● **SUPPLIED RECORDS**
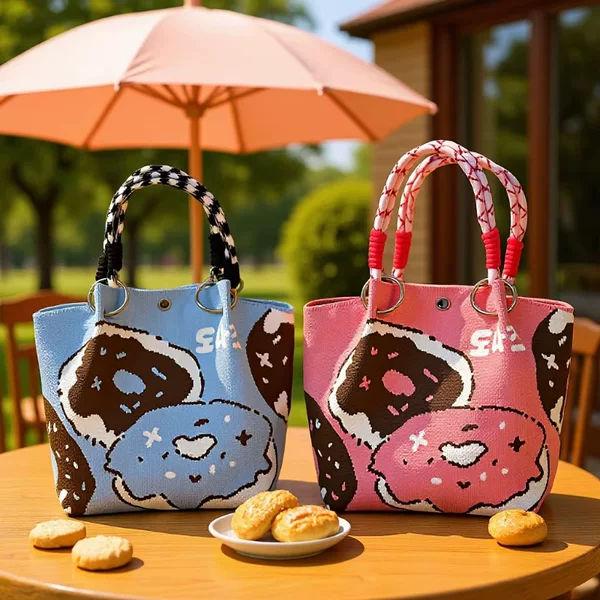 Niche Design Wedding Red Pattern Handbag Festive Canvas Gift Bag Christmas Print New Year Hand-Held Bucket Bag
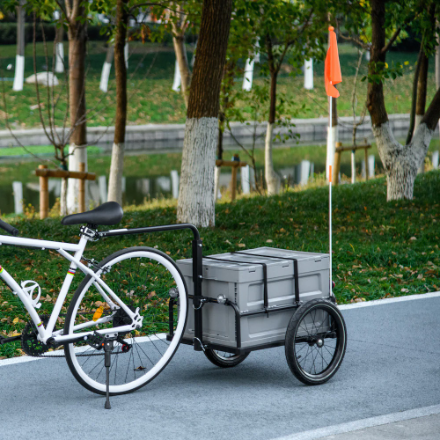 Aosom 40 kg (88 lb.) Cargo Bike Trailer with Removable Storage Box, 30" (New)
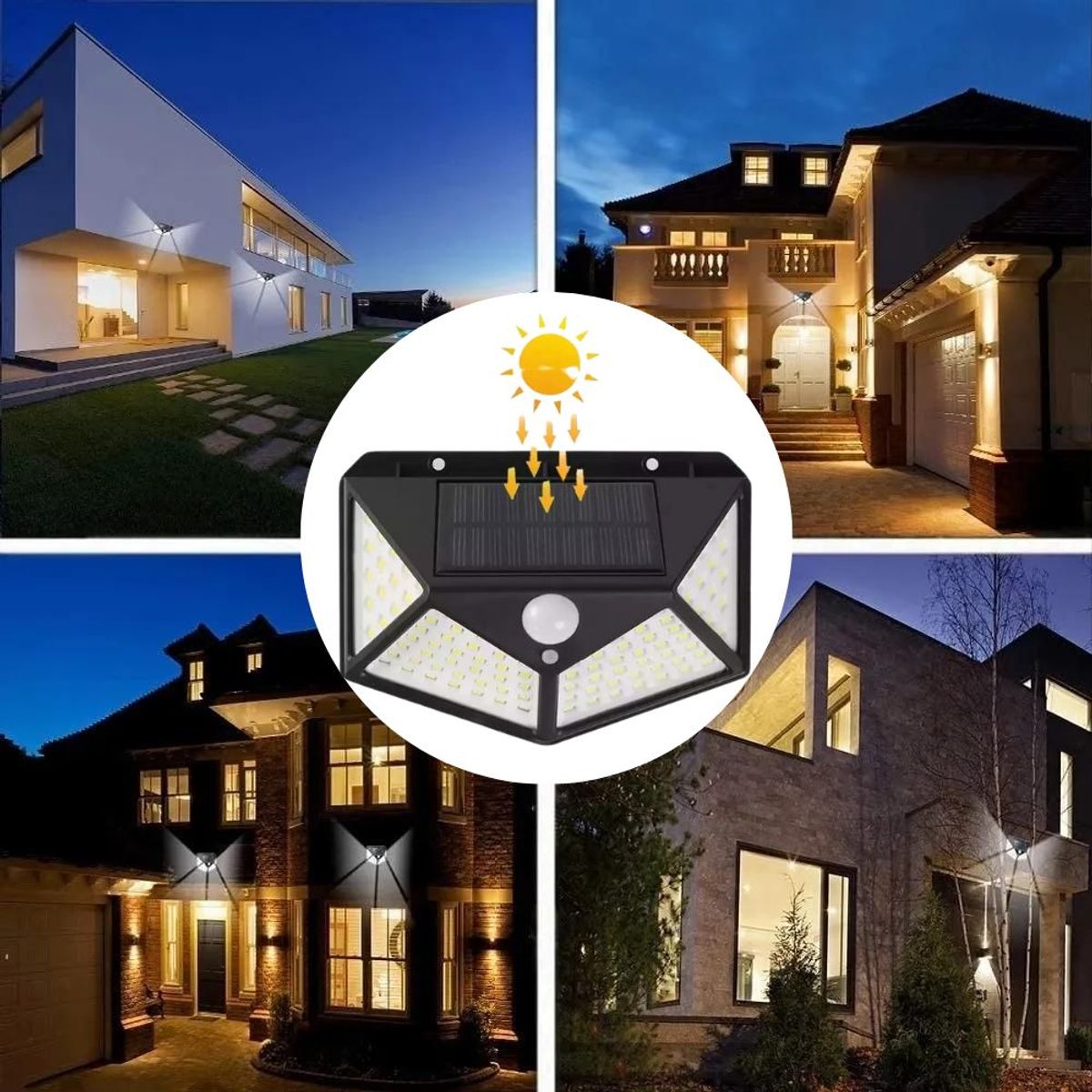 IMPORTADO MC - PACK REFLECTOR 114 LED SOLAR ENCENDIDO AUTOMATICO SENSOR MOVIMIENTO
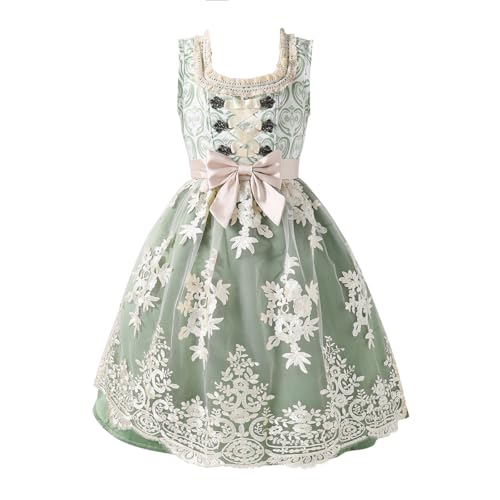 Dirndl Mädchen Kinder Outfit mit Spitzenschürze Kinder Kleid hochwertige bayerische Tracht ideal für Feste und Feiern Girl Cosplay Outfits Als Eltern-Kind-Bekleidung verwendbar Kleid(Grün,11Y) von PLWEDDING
---
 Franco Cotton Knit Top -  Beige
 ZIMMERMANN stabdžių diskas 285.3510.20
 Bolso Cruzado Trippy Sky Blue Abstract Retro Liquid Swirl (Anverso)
--
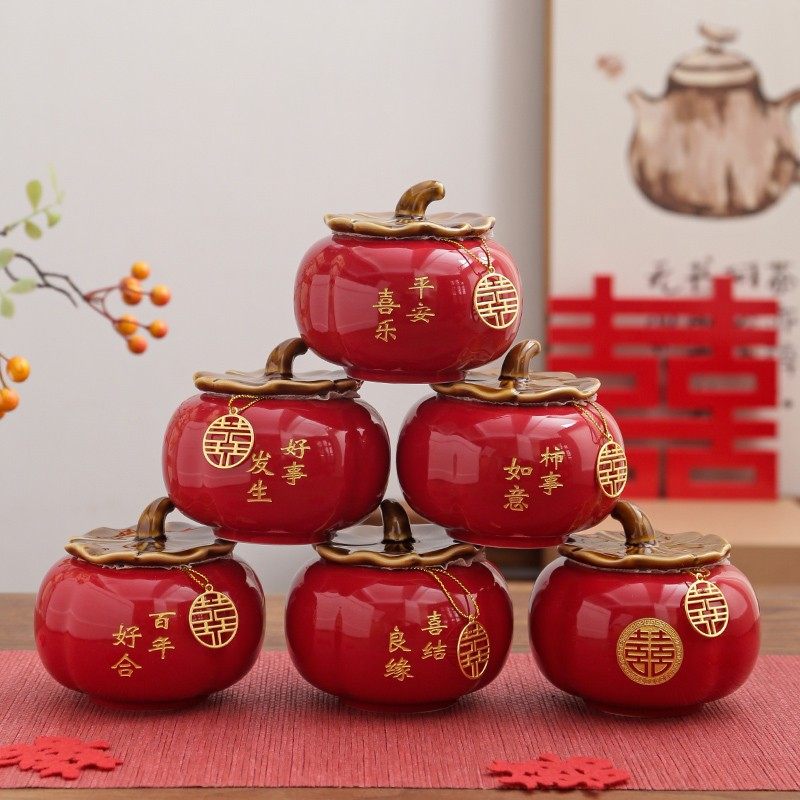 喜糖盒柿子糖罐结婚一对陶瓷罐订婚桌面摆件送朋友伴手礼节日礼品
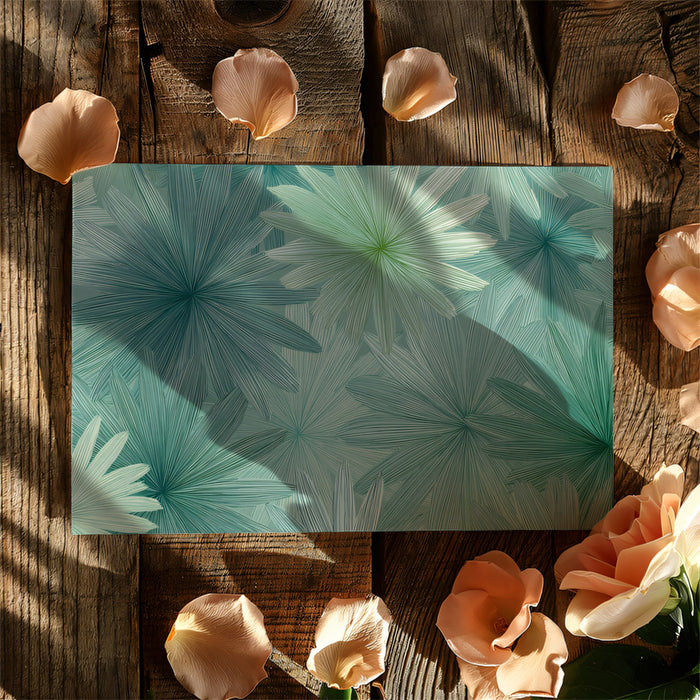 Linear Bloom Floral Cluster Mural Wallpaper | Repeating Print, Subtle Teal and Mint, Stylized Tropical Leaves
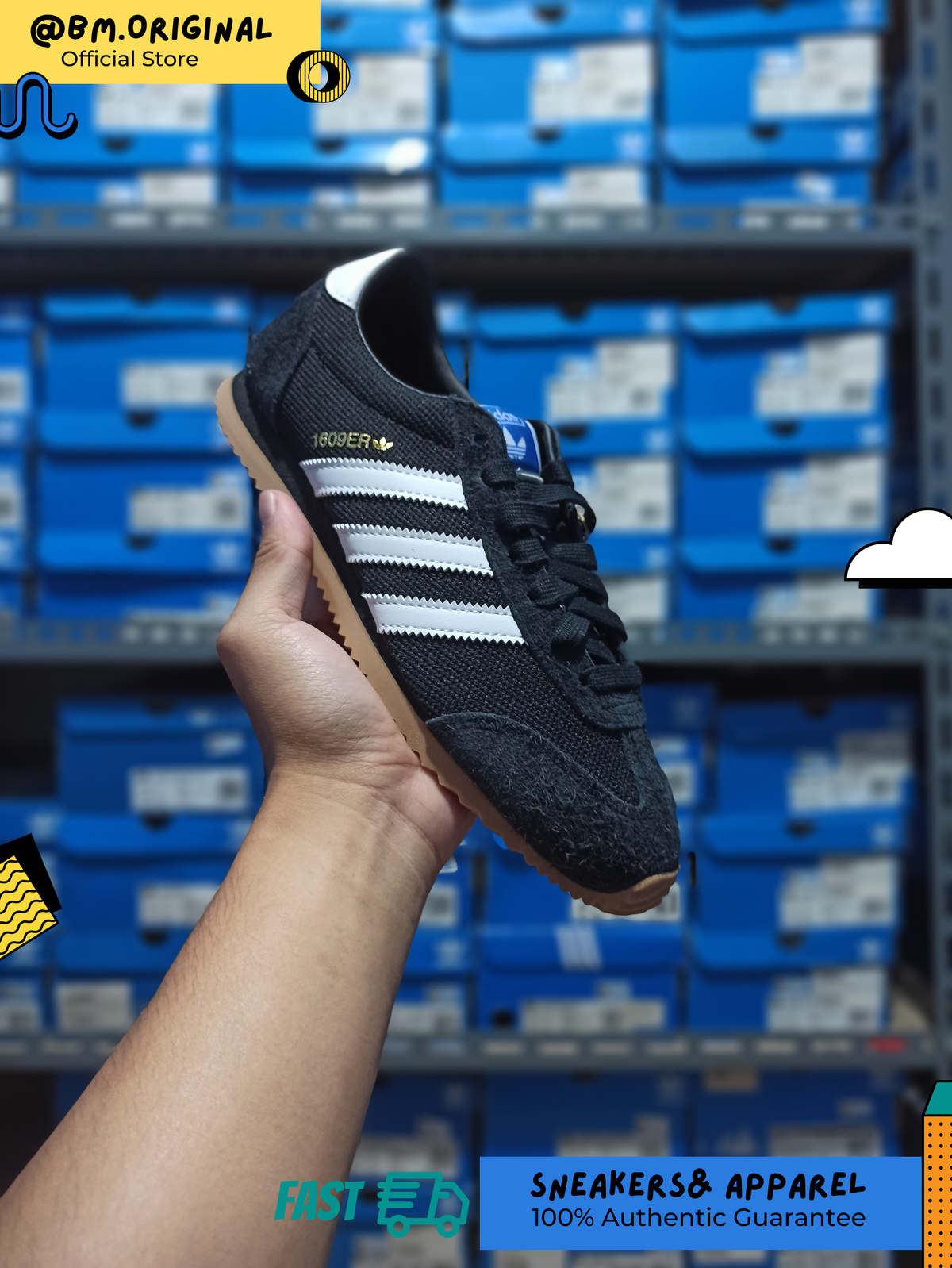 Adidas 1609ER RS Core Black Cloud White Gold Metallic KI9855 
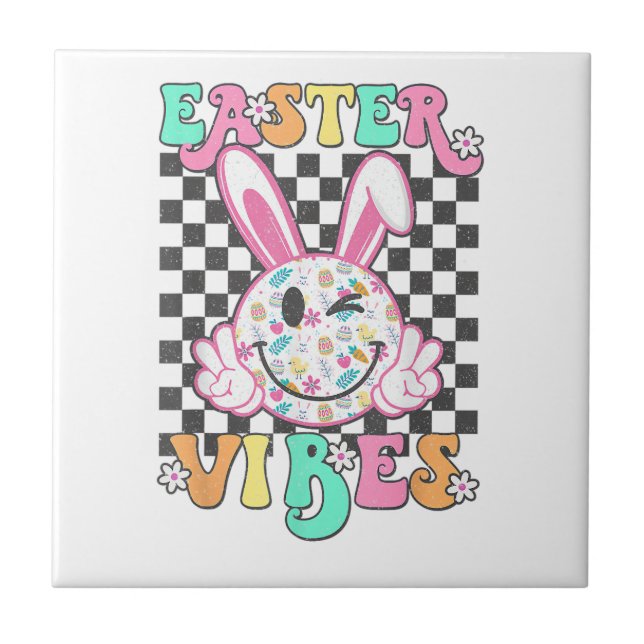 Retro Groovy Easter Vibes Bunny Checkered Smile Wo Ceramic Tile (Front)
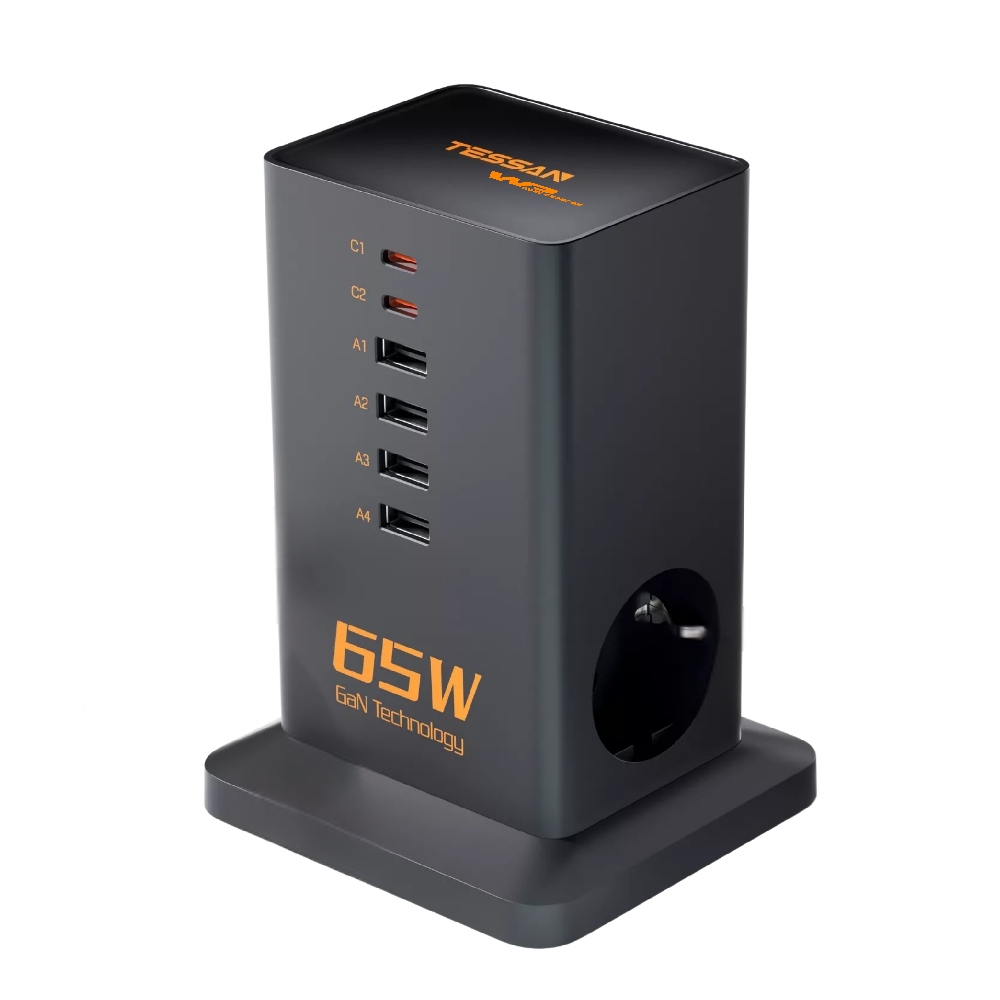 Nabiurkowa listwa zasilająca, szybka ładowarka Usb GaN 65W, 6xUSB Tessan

● **PROBLEM REQUIREMENTS**
Copy nothing but the lines above that run from the one with "Niche Design Wedding" to the one with "Aosom 40 kg", ends included; pictures stay out.

● **RESPONSE BELOW**
 Niche Design Wedding Red Pattern Handbag Festive Canvas Gift Bag Christmas Print New Year Hand-Held Bucket Bag
 Aosom 40 kg (88 lb.) Cargo Bike Trailer with Removable Storage Box, 30" (New)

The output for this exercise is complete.